Most individuals know they can count raw material expenses in small business tax deductions. However, this is just one of the many categories that is encompassed in the tax law. The laws are subject to interpretation, and you can deduct nearly any expense that directly contributes to the success of your business. The key is documenting your expenses and assuring you earn more than you deduct on an annual basis.

#1 Insurance Deductions

Both home insurance and car insurance can be partially deducted from a business income. This only counts, of course, if you use your home and your car for business purposes. Document how much you use each. For example, one room in your home may be a dedicated office. If this is 10 percent of the total square footage of your home, then 10 percent of your home insurance can be deducted from your taxable income.

#2 Mileage Deductions

Using your car for both personal errands and work errands can create a gray area in the mileage deduction category. However, all you have to do is keep a mileage log for every time you travel for work. This can be directly deducted. If you plan on deducting car insurance, track the total mileage you put on your car this year as well. The percentage you use the car for work can be deducted from your insurance.

#3 Travel Deductions

You may not be traveling 100 percent for business, but your trip can still be tax deductible. For example, a travel writer only needs to generate income off of one review in order to deduct an entire trip from taxable income. If you meet with one client, you can legitimately deduct a weekend trip. The key is to document when and how you served your business while traveling and always make sure the income you earned outweighed the deduction you claimed.

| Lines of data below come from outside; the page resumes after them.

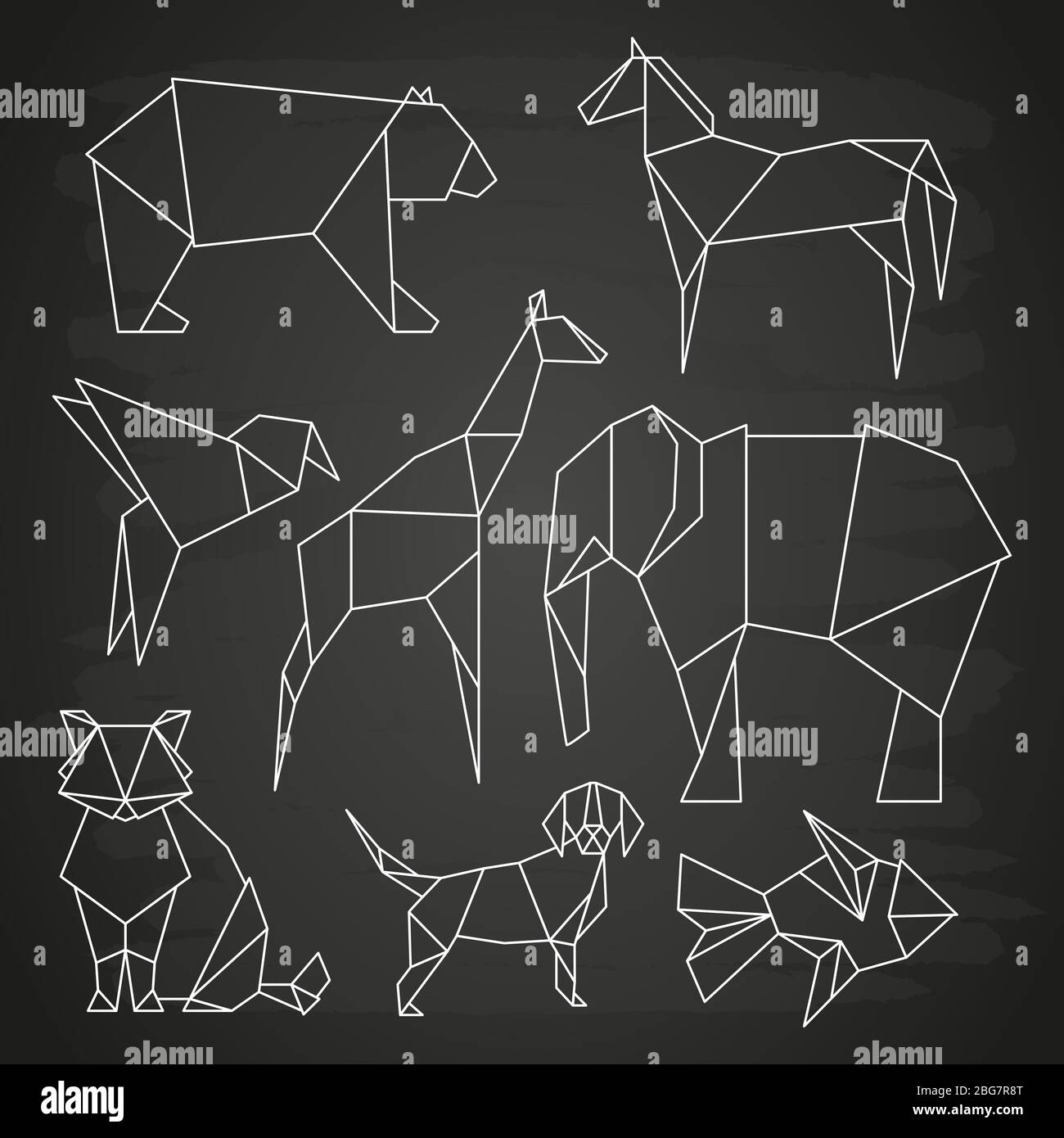 Vector de línea blanca animales salvajes poligonales, peces y aves en pizarra. Ilustración lineal de perro y oso, elefante y jirafa Ilustración del Vector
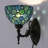 Tiffany Wall Sconce Lamp Stained Glass 8X10.5X11 Inch Plug in Wall Bedside Light for Hallway Bedroom (Sea Blue Pearl Style)-723206447-723206446
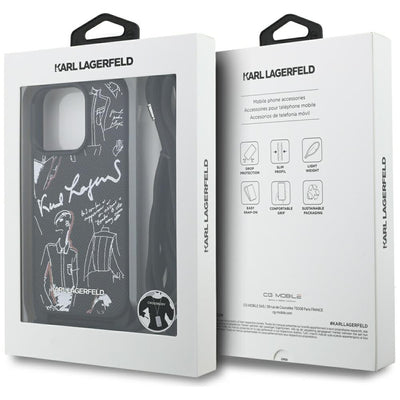 Karl Lagerfeld Crossbody Grained Pattern & Logo Case for iPhone 16 Pro Max - Black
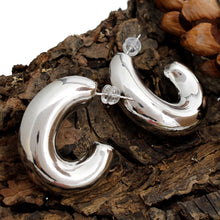 Load image into Gallery viewer, 14K White Gold Puffy Post Hoops
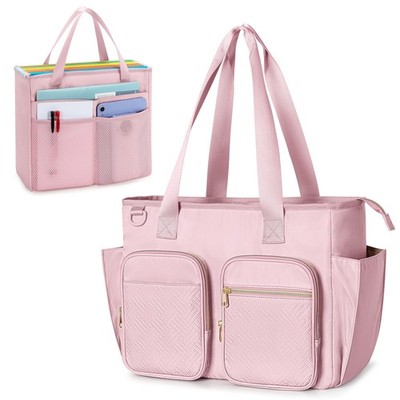 File Folder Tote Bag with Individual Document Organizer Case for Teacher Offi...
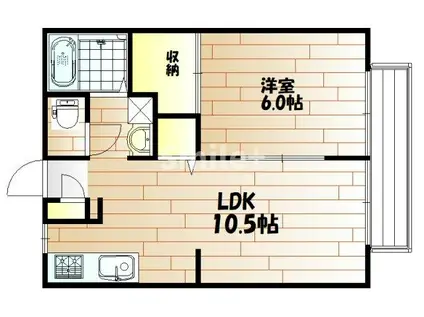 ハートピア5番館(1LDK/2階)の間取り写真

#4 Health Insurance Deductions

If you own your own business or are an independent contractor, health coverage is likely a very expensive part of your life. All of your health contributions are tax deductible. With an independent payer plan, all you have to do is keep track of the payments you make to the insurance company and turn them in as an itemized deduction at the end of the year. You do not need to use a health savings account, then, because your health expenses are already paid for with tax free dollars. 

#5 Loan Interest Deductions

Small business loan interest is a tax deductible expense. If you have a small business line of credit, the interest on this account may also be deducted depending on the income your business earns on an annual basis. Education expenses, including interest on large student loans, can be deducted if you qualify based on your income. If you use your automobile for work, even the interest on an auto loan may be tax deductible given certain circumstances. Ask an accountant about the multiple loans and debts you have to learn which may qualify for the deduction so you can pay tax free dollars toward these debts.